The task
Among the records that follow, set down only the lines from the one containing "Used Audi A1" to the one containing "Elegant Japanese Zircon", both included, exactly.

[Study material Boundary: Start]

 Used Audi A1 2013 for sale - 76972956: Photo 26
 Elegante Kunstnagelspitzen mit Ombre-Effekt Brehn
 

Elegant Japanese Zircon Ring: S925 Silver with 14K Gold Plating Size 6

[Study material Boundary: End]
[Study material Boundary: Start]

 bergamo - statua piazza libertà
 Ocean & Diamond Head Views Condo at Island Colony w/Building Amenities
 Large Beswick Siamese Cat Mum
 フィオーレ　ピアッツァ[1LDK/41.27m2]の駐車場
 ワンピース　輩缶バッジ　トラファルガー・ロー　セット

[Study material Boundary: End]
[Study material Boundary: Start]

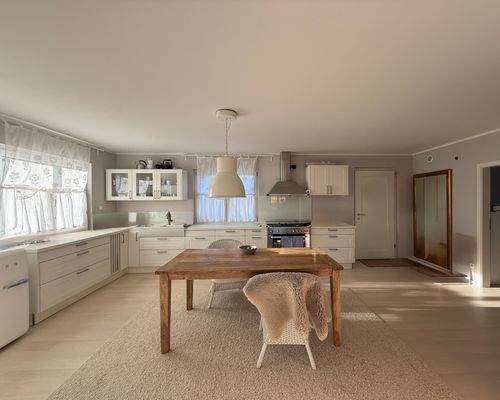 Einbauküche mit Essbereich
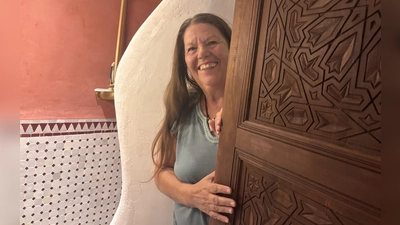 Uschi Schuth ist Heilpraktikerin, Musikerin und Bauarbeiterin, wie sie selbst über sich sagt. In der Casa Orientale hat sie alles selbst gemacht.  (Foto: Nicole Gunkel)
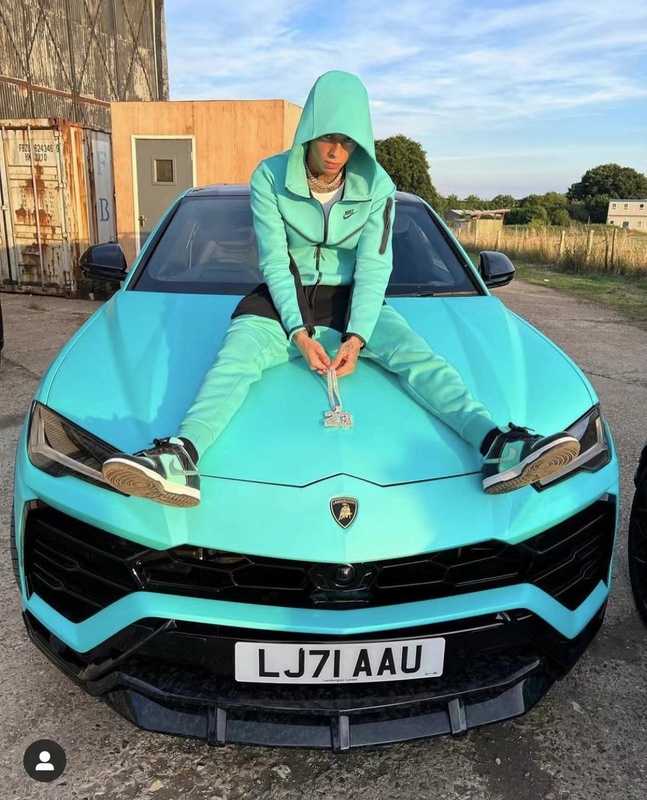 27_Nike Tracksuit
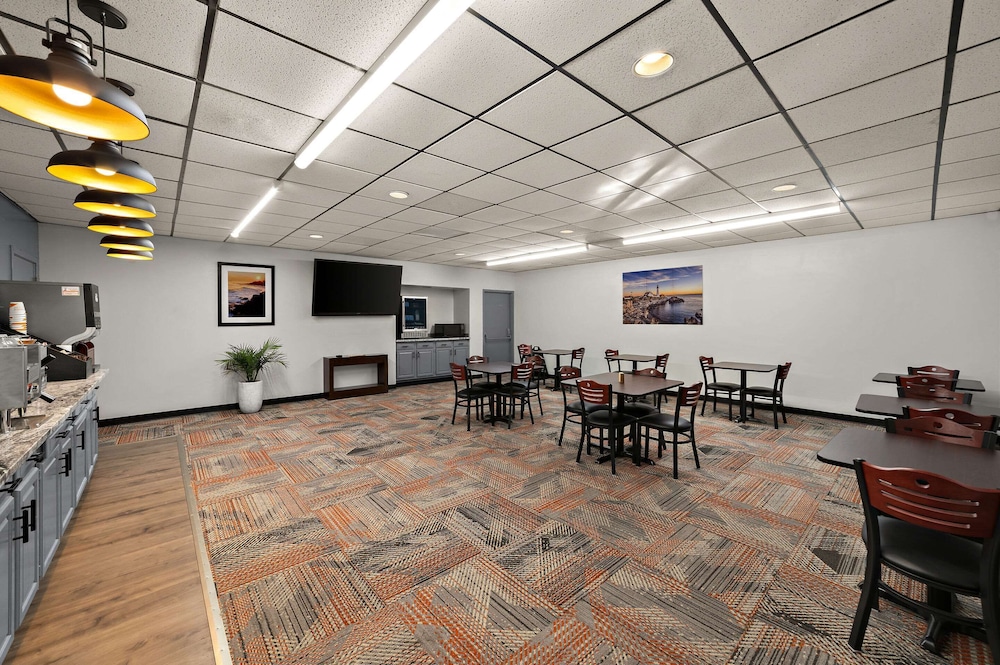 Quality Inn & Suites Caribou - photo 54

[Study material Boundary: End]

Answer space
 Used Audi A1 2013 for sale - 76972956: Photo 26
 Elegante Kunstnagelspitzen mit Ombre-Effekt Brehn
 

Elegant Japanese Zircon Ring: S925 Silver with 14K Gold Plating Size 6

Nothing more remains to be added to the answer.